Finally on December 10, Marx, in a letter to Engels, showed the thoroughness with which he had applied himself to the question. In the course of a masterly page he reviews the long centuries of the Irish connection with England and draws his conclusions for the struggle which was raging at the time. He repeats: “The English reaction in England had its roots (as in Cromwell’s time) in the subjugation of Ireland.”
If, then, Marx and Engels recognized that the demands of the Levelers were in advance of their time they did not by any means think that the continuation of the republic was impossible. Many republics have existed for long years without carrying out the extreme demands of the masses. The issue in 1649 was a military dictatorship or a popular constitution. The Levelers wanted a constitution based upon manhood suffrage. They wanted this draft constitution taken to the people by means of petitions spread throughout the breadth and length of the country, which the people could sign and thereby ratify their government as emanating from themselves. The struggle over the army was the struggle as to whether it would be used on behalf of the military dictatorship or on behalf of such a constitution.
The mutinies in the army revolved precisely around Cromwell’s attempt to despatch the revolutionary elements to Ireland. It was by grants of Irish land that Cromwell corrupted some of his opponents. The bogey of a Catholic-dominated Ireland was an important part of his propaganda. Lilburne had been repeatedly right against Cromwell in their previous disputes. Now in August 1649, after the Levelers had been defeated in May, Lilburne told him that if he continued with the military dictatorship, the restoration of the monarchy was inevitable: democracy alone could save the new liberties. It is obvious that you cannot dismiss the Levelers by saying that they were before their time. Marx and Engels and modern research both show how unhistorical is such an attitude.
Compare now the Diggers. In April 1649, perhaps 50, perhaps 100 men began to dig and to plant the common land at St.

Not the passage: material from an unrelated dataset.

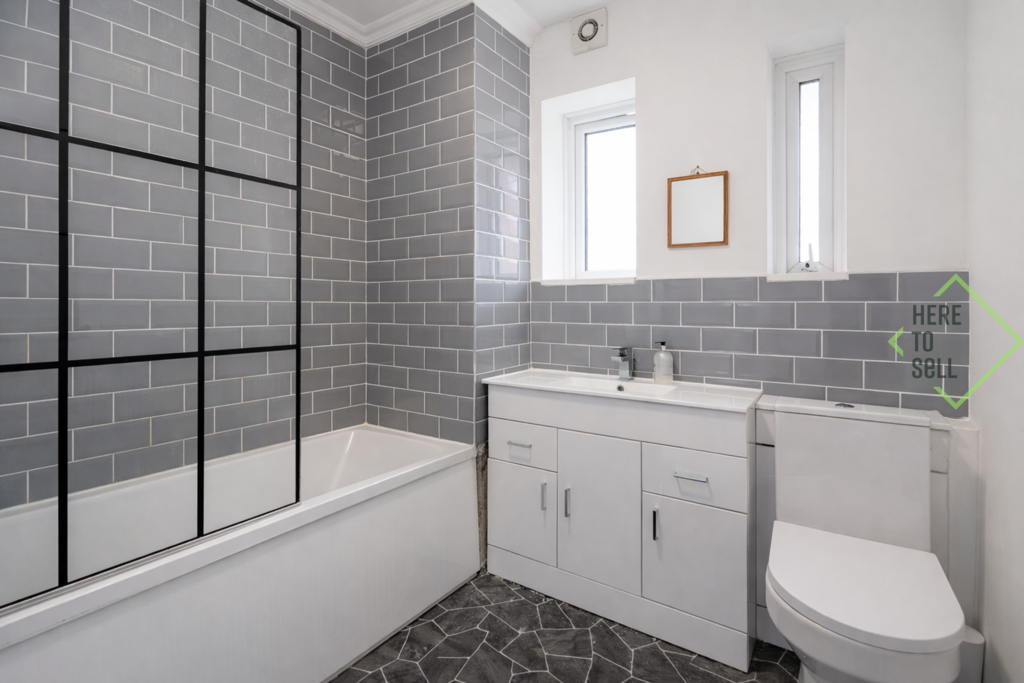 Elmshurst N2 - Bathroom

George’s Hill in Surrey. There were similar groups in two other counties. So conscious were they of their weakness, that they applied to Fairfax, the titular commander-in-chief of Cromwell’s army, for assistance against those who were hostile to them. After a brief period, the demonstration petered out. In striking contrast to the attitude against the Levelers, the government refused to take the Diggers seriously. The chief political importance of the Diggers at the time was that the government attempted to saddle the Levelers with the communist doctrines of the Diggers and the Levelers had to hastily repudiate them.
Theoretically the Diggers are worthy of attention, first because the movement marked a differentiation of the agricultural proletariat from the revolutionary forces. Secondly they were led by a man of undoubted genius, Gerrard Winstanley. He expounded a doctrine of holding all things in common, the abolition of private production and exchange, with the aim of social harmony and brotherly love. For that time, his work is astonishing. But to take Winstanley as characteristic of the revolution and to ignore the Levelers on his behalf is such a violation of historical facts, historical method and the living class struggle as can come only from an organic hostility to any independent revolutionary movement of the masses.

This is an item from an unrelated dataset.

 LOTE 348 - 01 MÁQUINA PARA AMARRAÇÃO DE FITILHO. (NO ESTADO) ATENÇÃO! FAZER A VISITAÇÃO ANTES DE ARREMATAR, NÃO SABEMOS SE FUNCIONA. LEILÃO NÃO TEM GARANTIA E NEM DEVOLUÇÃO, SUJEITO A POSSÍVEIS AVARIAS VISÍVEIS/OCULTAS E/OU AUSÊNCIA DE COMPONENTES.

Yet this is precisely what the Stalinists do. In 1939 Holorenshaw published The Levelers and the English Revolution through the Left Book Club, a Stalinist organization. But despite its title, the book opens with substantial pages devoted to Winstanley and the Diggers and contains numerous references to the way in which Wfnstanley’s ideas and proposals can be seen exemplified in the Soviet Union. In 1940, D.W. Petegorsky published Left-Wing Democracy in the English Civil War. Of its, six chapters, four are devoted to Winstanley and the Diggers. This presumably represents left-wing democracy in the English Civil War.

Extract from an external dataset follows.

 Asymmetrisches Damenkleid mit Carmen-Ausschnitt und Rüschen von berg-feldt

Two years afterward an article by Petegorsky on the same subject was published in the American Stalinist journal, Science and Society. It should be noted that Petegorsky’s book was written under the inspiration and constant guidance of Harold Laski who obviously would have no affinity with revolutionaries like the Levelers. But Laski at any rate does not pretend to be revolutionary.
The tercentenary issue of the English Modern Quarterly, April 1949, has an article on Winstanley and the English Communist Review of March 1949 and one devoted to “Harrington, Revolutionary Theorist.” Harrington wrote an obscure Utopia called Oceana which imaginatively complements the work of Winstanley.
Such a distortion of revolutionary analysis goes deep and we can reasonably expect to see it in other spheres. As sure as day it turns up in the Stalinist treatment of the philosophical development in the Civil War. The philosopher of the English Revolution of 1640-49 is Hobbes. Hobbes’ great contribution was to place political theory upon a secular basis, wiping out all justification of government by any right or theory except the necessities of society and the class struggle. But Hobbes was not a democrat; he was an advocate of the absolute power of the state. The man who adapted these secular theories to the needs of the British bourgeois democracy was John Locke.
The modern students of Puritanism (A.S.P. Woodhouse, Puritanism and Liberty, 1938; D.M. Wolfe, Leveller Manifestoes, 1944; William Haller, Tracts on Liberty, 1934; The Rue of Puritanism, 1938; William Haller and Godfrey Davies, The Leveller Tracts, 1944) all recognize that, the foundations of modern democratic theory and practice are in the Levelers, although they have not written much directly on the contribution of the Levelers to the sequence of bourgeois philosophical thought.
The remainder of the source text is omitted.